++++ SOURCE MATERIAL ++++

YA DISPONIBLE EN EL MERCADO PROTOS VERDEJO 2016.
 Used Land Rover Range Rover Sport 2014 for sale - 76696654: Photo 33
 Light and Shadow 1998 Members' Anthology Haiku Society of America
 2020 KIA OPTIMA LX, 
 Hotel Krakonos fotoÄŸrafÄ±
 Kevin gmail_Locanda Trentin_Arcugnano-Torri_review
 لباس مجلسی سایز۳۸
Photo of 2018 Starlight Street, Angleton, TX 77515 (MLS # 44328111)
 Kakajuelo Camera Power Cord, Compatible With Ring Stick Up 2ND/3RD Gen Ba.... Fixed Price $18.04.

++++

◆ TASK DESCRIPTION:
Would you copy out each line of the records above where the word "Photo" occurs?

◆ TASK RESULT:
 Used Land Rover Range Rover Sport 2014 for sale - 76696654: Photo 33
Photo of 2018 Starlight Street, Angleton, TX 77515 (MLS # 44328111)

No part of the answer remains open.